Возвратившись в Рим, Лукулл занялся распределением несметных сокровищ, вывезенных из Азии, а в особенности золота и серебра в монете и слитках. Весь Рим говорил о бронзовой статуе Феба-Аполлона, вышиною в тридцать локтей, поставленной в Капитолии, о вишневом дереве из Кераза, об ониксовых амфорах, величиной с бочку, о девочках-Невольницах, отправленных в Мизенскую виллу, где некогда жила Корнелия — мать Гракхов, а потом Марий.

— Теперь приют добродетели станет приютом роскоши, удовольствий и телесных наслаждений, — насмехались популяры, нападая на Лукулла: со злорадством они вспоминали его богатства, войны, веденные без разрешения сената, обвиняли в грабежах, а народные трибуны налагали veto, как только сенат ставил вопрос о триумфе полководца.

Лукулл был взбешен. Ярость его увеличилась, когда он узнал, что любимая жена Клавдия была в связи со своим братом Публием Клодием, который возмутил против него полководца, легионы. Он не пожелал видеть ее, не захотел слышать лукавых уверений, плаксивых оправданий и развелся с нею. А однажды, встретившись у Катона с его сестрой Сервилией, он, очарованный ее красотой, умом и изяществом, решил на ней жениться.

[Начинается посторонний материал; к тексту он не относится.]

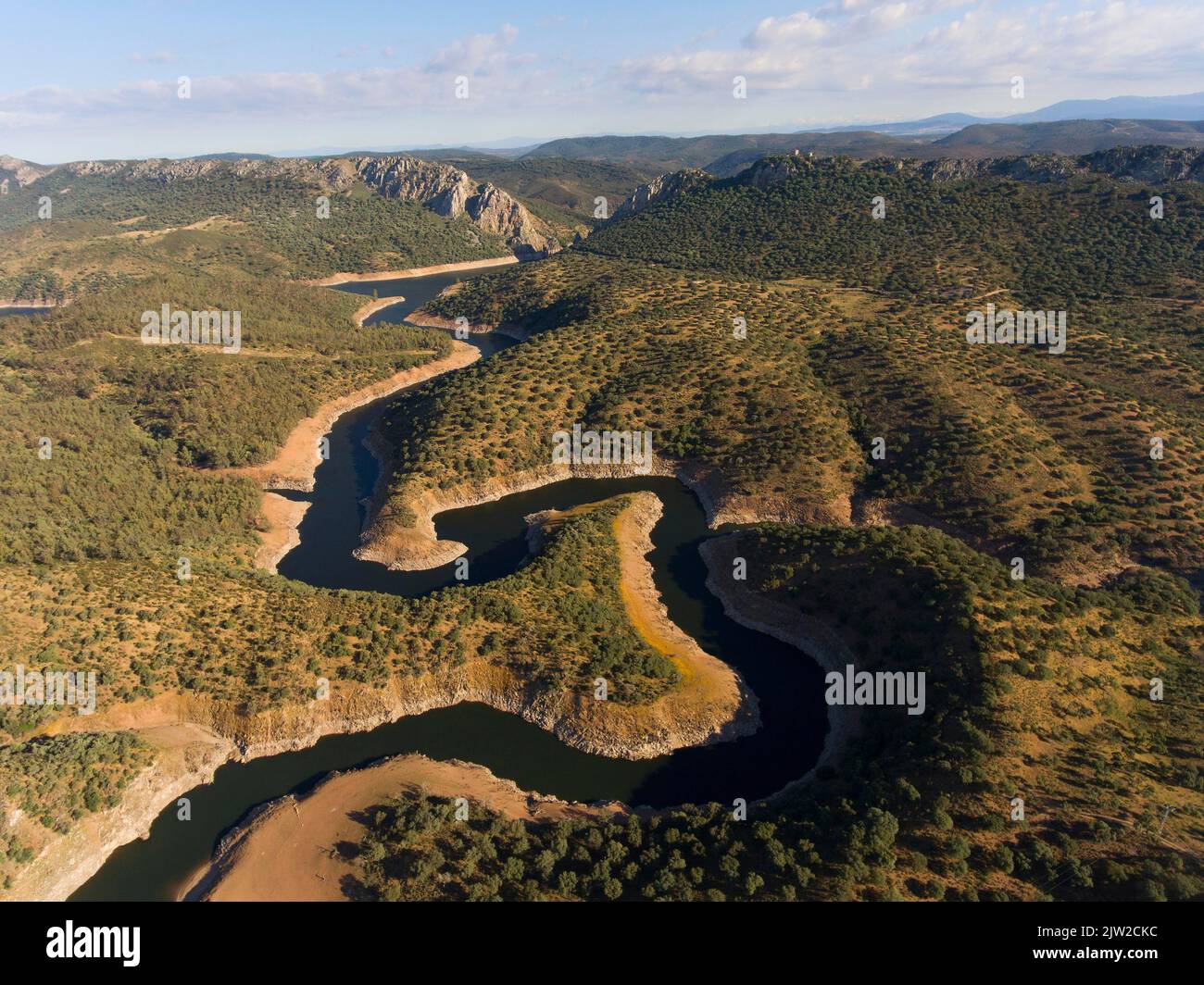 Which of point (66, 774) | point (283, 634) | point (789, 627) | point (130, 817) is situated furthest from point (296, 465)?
point (789, 627)

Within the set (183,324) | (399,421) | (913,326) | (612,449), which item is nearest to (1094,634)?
(612,449)

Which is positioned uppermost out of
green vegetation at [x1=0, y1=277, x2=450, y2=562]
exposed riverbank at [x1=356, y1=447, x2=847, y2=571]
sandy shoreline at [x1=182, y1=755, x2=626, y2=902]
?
green vegetation at [x1=0, y1=277, x2=450, y2=562]

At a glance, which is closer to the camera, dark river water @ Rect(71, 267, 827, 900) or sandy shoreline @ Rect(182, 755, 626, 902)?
sandy shoreline @ Rect(182, 755, 626, 902)

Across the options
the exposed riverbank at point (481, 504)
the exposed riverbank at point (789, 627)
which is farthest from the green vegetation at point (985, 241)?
the exposed riverbank at point (789, 627)

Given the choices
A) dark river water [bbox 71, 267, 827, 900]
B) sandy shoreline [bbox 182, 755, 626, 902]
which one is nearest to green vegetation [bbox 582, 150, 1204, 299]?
dark river water [bbox 71, 267, 827, 900]

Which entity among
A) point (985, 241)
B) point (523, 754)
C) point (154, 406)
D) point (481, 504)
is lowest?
point (523, 754)

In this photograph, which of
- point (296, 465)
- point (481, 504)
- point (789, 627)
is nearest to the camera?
point (789, 627)

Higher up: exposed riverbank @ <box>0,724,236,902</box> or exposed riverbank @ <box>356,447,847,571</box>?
exposed riverbank @ <box>356,447,847,571</box>

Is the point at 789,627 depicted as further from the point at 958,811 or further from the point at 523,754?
the point at 523,754

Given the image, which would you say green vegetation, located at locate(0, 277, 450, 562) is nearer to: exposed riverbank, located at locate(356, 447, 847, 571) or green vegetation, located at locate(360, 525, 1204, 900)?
exposed riverbank, located at locate(356, 447, 847, 571)

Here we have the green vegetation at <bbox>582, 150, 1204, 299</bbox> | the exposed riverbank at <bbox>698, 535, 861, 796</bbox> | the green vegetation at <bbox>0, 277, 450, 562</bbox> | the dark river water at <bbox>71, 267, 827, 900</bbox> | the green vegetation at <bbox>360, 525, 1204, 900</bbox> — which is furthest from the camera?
the green vegetation at <bbox>582, 150, 1204, 299</bbox>

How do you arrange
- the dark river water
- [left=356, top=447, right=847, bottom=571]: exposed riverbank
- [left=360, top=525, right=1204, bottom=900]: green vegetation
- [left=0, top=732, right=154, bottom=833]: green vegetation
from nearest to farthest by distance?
[left=360, top=525, right=1204, bottom=900]: green vegetation, [left=0, top=732, right=154, bottom=833]: green vegetation, the dark river water, [left=356, top=447, right=847, bottom=571]: exposed riverbank

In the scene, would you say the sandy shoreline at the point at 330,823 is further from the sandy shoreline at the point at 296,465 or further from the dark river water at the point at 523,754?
the sandy shoreline at the point at 296,465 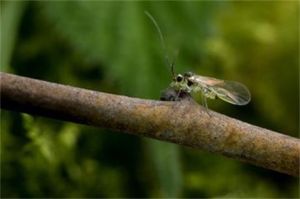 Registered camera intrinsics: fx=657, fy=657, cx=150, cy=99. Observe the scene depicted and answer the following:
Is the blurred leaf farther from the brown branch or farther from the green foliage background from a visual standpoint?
the brown branch

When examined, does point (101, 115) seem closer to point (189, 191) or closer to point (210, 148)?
point (210, 148)

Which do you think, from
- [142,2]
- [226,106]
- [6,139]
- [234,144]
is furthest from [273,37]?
[234,144]

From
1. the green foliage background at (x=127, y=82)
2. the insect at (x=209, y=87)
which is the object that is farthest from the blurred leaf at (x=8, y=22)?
the insect at (x=209, y=87)

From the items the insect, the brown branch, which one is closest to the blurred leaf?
the insect

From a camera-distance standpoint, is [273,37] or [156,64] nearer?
[156,64]

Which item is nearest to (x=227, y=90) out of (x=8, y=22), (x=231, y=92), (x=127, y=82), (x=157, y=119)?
(x=231, y=92)

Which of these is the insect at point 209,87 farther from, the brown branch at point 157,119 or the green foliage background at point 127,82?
the green foliage background at point 127,82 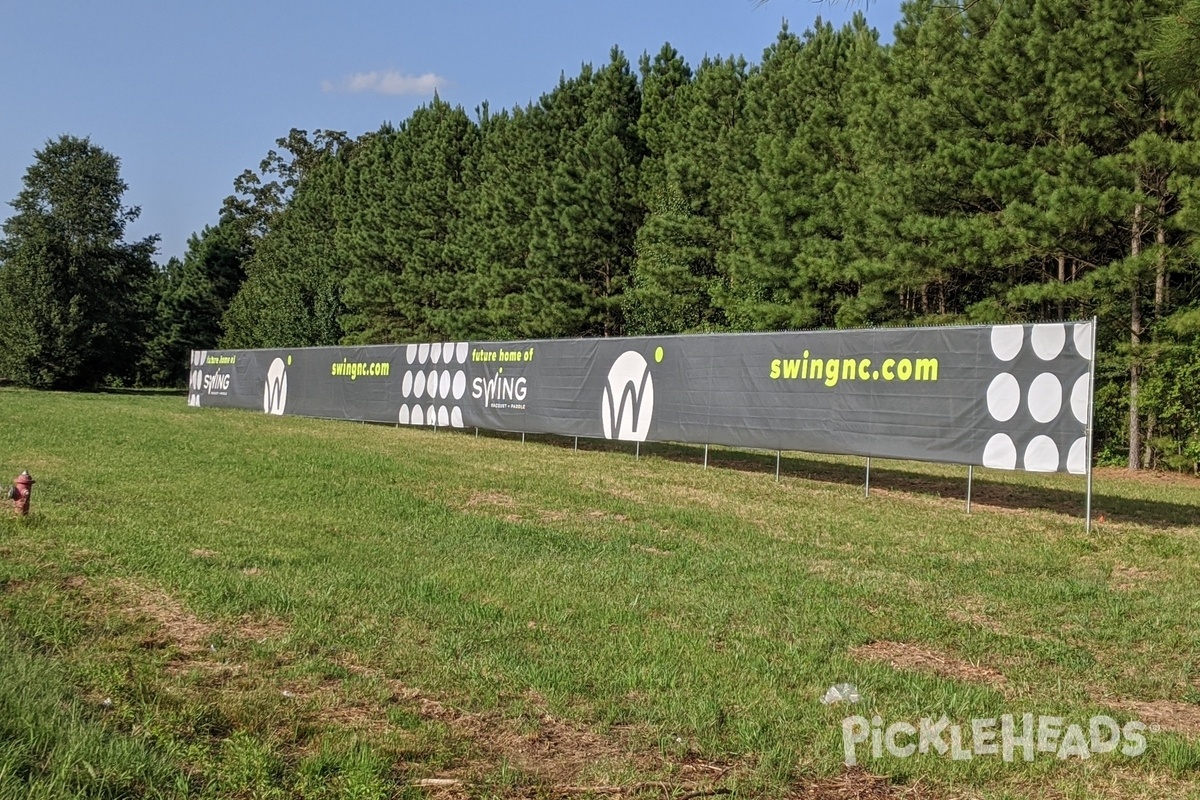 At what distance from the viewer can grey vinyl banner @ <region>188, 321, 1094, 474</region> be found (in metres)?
10.6

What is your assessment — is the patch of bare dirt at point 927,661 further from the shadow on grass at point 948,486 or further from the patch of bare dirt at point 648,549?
the shadow on grass at point 948,486

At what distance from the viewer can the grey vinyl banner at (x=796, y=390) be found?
1059 cm

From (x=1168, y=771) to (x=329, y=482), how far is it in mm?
10179

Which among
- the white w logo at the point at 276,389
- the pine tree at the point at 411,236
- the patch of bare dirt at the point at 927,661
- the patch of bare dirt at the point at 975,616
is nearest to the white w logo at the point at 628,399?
the patch of bare dirt at the point at 975,616

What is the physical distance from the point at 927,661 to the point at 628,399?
11.0 metres

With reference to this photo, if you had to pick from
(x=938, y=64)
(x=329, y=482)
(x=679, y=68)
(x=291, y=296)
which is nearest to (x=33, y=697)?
(x=329, y=482)

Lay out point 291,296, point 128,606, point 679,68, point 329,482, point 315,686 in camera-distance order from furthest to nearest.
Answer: point 291,296 → point 679,68 → point 329,482 → point 128,606 → point 315,686

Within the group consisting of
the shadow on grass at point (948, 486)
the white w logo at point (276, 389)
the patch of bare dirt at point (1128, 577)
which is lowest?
the patch of bare dirt at point (1128, 577)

Катон был польщен выбором патриция и дал согласие.

Став женой Лукулла, Сервилия продолжала вести прежний образ жизни: часто встречалась с Цезарем и принимала в отсутствие мужа развратных юношей.

Так пролетали месяцы. Родив сына, она не изменила своего поведения, и Герон намекнул господину о непотребствах матроны. Лукулл был взбешен. Муть не избив Сервилию, он выгнал ее из дому, а сына отослал к Катону.

Скучно стало в обширном доме. Унылые дни тянулись неторопливой чередой — государственные дела, занятия философией, издание «Достопамятностей» Суллы не могли заполнить гнетущего одиночества. И он думал, как превратить остаток своей жизни в шумный праздник, чтобы видеть постоянно веселых людей, слышать смех женщин и пение под звуки лир и кифар.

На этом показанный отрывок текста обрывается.